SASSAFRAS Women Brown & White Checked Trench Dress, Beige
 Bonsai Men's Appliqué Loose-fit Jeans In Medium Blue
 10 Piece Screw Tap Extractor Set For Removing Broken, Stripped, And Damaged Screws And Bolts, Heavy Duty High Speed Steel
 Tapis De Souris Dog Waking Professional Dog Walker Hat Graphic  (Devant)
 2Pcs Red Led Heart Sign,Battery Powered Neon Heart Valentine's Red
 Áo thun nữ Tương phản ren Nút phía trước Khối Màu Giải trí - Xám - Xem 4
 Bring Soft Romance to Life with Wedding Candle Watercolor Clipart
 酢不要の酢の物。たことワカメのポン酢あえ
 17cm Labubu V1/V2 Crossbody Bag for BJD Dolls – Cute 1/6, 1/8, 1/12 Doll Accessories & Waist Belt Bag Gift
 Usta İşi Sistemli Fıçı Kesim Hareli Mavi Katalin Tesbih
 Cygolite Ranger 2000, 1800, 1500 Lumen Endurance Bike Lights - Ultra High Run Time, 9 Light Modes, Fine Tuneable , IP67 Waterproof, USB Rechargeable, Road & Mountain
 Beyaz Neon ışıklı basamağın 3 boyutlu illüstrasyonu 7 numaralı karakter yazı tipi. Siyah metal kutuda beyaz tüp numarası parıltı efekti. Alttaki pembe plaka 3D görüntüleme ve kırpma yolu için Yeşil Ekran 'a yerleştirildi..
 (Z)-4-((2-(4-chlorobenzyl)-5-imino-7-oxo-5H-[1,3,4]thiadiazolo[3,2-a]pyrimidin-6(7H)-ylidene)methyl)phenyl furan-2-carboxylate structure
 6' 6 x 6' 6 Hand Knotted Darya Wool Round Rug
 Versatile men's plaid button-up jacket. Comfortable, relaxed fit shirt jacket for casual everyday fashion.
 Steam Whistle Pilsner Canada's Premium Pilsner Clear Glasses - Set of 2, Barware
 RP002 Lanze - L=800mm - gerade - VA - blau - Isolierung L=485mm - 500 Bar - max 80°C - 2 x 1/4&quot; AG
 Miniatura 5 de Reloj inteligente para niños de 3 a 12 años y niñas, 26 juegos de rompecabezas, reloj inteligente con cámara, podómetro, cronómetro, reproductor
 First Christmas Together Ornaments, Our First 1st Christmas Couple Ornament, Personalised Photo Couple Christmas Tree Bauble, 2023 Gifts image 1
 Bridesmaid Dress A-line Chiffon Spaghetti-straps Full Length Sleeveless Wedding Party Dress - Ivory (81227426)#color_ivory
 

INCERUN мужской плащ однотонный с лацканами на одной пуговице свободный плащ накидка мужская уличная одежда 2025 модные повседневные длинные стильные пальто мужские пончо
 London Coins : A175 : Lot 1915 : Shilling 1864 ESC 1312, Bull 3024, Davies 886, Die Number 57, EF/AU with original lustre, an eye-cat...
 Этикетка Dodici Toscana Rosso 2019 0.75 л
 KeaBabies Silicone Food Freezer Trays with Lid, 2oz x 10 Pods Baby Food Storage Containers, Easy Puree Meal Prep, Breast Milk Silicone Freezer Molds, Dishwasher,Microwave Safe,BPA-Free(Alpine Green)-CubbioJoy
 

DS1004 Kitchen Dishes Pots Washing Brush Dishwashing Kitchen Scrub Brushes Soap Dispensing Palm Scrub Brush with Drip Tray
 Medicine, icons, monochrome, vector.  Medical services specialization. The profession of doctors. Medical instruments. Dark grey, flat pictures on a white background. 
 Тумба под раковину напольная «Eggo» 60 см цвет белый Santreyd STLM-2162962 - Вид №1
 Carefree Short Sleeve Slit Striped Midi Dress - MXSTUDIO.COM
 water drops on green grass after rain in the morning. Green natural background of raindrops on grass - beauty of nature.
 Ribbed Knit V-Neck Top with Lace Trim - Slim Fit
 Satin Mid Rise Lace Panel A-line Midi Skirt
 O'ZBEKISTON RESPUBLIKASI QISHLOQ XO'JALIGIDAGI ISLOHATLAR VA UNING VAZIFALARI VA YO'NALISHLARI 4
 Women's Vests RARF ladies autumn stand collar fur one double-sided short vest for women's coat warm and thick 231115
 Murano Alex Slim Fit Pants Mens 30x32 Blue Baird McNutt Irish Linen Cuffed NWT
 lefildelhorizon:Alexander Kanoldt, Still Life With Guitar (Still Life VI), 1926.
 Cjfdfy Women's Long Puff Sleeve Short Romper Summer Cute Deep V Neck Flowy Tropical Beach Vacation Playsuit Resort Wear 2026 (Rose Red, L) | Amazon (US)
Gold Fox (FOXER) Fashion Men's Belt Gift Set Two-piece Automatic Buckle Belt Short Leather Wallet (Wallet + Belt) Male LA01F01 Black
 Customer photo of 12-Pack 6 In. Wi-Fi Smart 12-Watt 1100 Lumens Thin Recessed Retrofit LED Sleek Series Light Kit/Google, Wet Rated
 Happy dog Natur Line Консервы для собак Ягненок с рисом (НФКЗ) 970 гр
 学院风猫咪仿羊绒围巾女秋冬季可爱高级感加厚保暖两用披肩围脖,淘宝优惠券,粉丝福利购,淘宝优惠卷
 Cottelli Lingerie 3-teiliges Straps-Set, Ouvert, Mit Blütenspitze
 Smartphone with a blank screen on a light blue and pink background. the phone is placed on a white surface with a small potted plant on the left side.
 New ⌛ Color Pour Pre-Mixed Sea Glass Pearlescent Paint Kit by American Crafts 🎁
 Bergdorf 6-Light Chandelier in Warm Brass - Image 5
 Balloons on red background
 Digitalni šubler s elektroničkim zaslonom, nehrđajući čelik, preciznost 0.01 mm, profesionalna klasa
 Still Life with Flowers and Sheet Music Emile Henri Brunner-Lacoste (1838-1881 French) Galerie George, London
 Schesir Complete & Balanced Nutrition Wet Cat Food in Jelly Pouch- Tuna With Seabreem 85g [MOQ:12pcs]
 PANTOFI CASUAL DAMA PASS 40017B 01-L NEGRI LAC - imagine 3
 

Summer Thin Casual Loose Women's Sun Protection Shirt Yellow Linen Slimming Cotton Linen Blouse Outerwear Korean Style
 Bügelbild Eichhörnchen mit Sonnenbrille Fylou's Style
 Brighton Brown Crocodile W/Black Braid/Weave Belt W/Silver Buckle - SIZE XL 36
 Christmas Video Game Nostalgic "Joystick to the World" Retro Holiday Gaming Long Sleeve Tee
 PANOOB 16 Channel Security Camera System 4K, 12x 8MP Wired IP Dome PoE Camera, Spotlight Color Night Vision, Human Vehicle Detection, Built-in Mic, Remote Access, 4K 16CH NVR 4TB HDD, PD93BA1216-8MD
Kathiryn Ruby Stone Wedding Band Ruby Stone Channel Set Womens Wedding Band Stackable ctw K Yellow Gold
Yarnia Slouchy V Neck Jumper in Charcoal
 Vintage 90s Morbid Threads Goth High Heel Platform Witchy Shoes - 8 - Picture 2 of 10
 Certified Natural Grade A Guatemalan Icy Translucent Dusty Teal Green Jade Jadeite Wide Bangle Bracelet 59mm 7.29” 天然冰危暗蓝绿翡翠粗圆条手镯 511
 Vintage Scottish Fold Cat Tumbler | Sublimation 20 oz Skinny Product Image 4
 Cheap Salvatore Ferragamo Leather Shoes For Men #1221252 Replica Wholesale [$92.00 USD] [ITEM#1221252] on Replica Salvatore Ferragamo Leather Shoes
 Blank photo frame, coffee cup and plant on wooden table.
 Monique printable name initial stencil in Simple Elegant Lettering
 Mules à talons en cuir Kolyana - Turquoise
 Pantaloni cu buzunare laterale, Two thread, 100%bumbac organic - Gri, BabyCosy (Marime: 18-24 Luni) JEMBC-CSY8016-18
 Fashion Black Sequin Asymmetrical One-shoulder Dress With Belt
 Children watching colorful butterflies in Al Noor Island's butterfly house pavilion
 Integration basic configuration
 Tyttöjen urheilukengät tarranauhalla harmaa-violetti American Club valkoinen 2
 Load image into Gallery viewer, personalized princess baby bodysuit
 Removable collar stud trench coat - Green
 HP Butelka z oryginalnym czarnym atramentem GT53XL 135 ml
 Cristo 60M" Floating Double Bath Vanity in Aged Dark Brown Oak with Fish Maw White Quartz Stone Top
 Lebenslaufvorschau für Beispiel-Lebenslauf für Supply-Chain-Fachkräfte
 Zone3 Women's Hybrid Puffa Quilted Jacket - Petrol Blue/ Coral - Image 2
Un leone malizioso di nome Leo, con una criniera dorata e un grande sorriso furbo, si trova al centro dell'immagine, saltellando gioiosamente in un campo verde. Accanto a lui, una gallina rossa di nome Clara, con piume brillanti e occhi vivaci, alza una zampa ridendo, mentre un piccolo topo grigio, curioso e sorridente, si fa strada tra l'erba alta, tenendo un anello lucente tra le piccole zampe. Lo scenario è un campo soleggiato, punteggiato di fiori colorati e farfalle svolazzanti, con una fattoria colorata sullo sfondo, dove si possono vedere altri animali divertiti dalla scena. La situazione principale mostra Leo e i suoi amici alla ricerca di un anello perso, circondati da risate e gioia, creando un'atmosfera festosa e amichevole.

━━━━━━━━

Using only the listing above, restate exactly the lines from the line containing "Bügelbild Eichhörnchen mit" through the line containing "HP Butelka z", both included.

:: Solution ::
 Bügelbild Eichhörnchen mit Sonnenbrille Fylou's Style
 Brighton Brown Crocodile W/Black Braid/Weave Belt W/Silver Buckle - SIZE XL 36
 Christmas Video Game Nostalgic "Joystick to the World" Retro Holiday Gaming Long Sleeve Tee
 PANOOB 16 Channel Security Camera System 4K, 12x 8MP Wired IP Dome PoE Camera, Spotlight Color Night Vision, Human Vehicle Detection, Built-in Mic, Remote Access, 4K 16CH NVR 4TB HDD, PD93BA1216-8MD
Kathiryn Ruby Stone Wedding Band Ruby Stone Channel Set Womens Wedding Band Stackable ctw K Yellow Gold
Yarnia Slouchy V Neck Jumper in Charcoal
 Vintage 90s Morbid Threads Goth High Heel Platform Witchy Shoes - 8 - Picture 2 of 10
 Certified Natural Grade A Guatemalan Icy Translucent Dusty Teal Green Jade Jadeite Wide Bangle Bracelet 59mm 7.29” 天然冰危暗蓝绿翡翠粗圆条手镯 511
 Vintage Scottish Fold Cat Tumbler | Sublimation 20 oz Skinny Product Image 4
 Cheap Salvatore Ferragamo Leather Shoes For Men #1221252 Replica Wholesale [$92.00 USD] [ITEM#1221252] on Replica Salvatore Ferragamo Leather Shoes
 Blank photo frame, coffee cup and plant on wooden table.
 Monique printable name initial stencil in Simple Elegant Lettering
 Mules à talons en cuir Kolyana - Turquoise
 Pantaloni cu buzunare laterale, Two thread, 100%bumbac organic - Gri, BabyCosy (Marime: 18-24 Luni) JEMBC-CSY8016-18
 Fashion Black Sequin Asymmetrical One-shoulder Dress With Belt
 Children watching colorful butterflies in Al Noor Island's butterfly house pavilion
 Integration basic configuration
 Tyttöjen urheilukengät tarranauhalla harmaa-violetti American Club valkoinen 2
 Load image into Gallery viewer, personalized princess baby bodysuit
 Removable collar stud trench coat - Green
 HP Butelka z oryginalnym czarnym atramentem GT53XL 135 ml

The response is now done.